Start of Data for this task

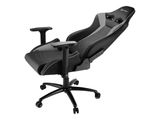 Sharkoon Gamingstuhl Elbrus 3 PU/PVC schwarz/grau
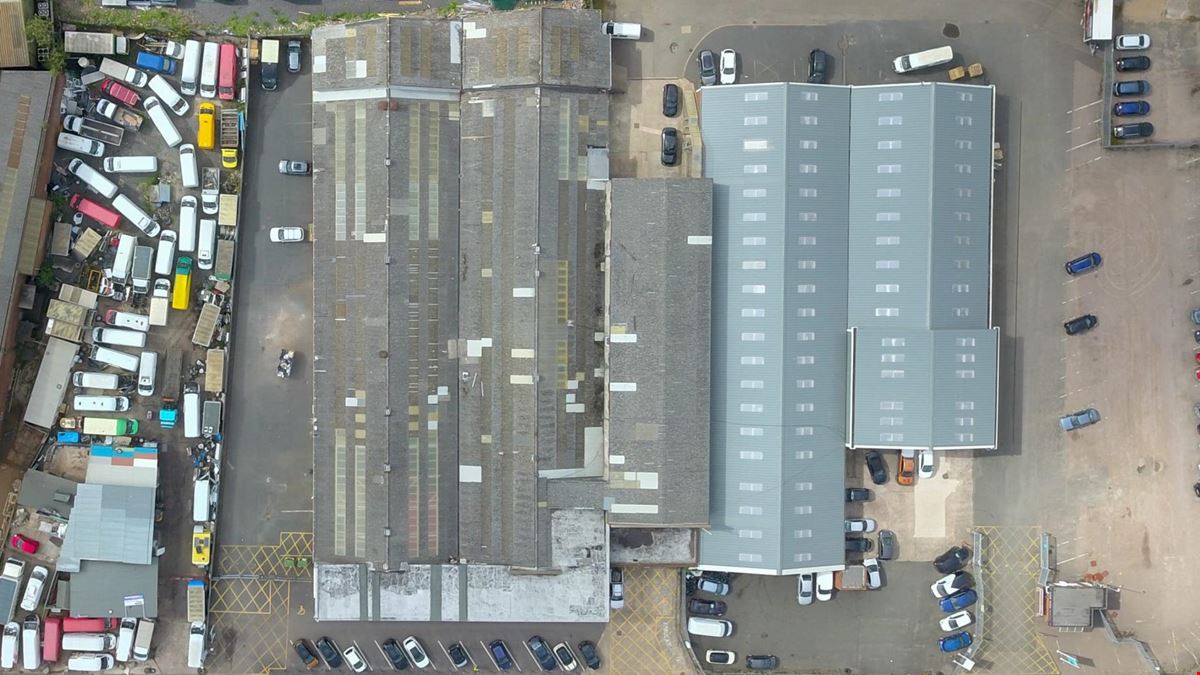 BizSpace - Willenhall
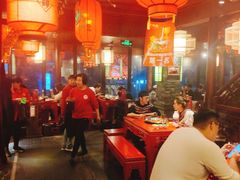 -谭鸭血老火锅(漳州路店)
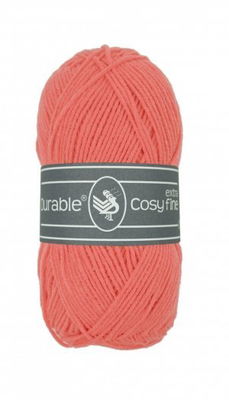 Durable Cosy extra fine 2190 Coral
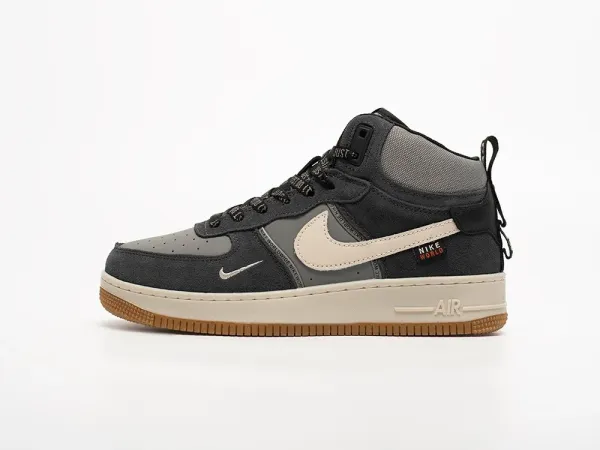 Зимние Кроссовки Nike Air Force 1 Mid - 38653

End of Data for this task

Work task » Copy out the material above in full and exactly, but with no pictures.

Output of the task »
 Sharkoon Gamingstuhl Elbrus 3 PU/PVC schwarz/grau
 BizSpace - Willenhall
 -谭鸭血老火锅(漳州路店)
 Durable Cosy extra fine 2190 Coral
 Зимние Кроссовки Nike Air Force 1 Mid - 38653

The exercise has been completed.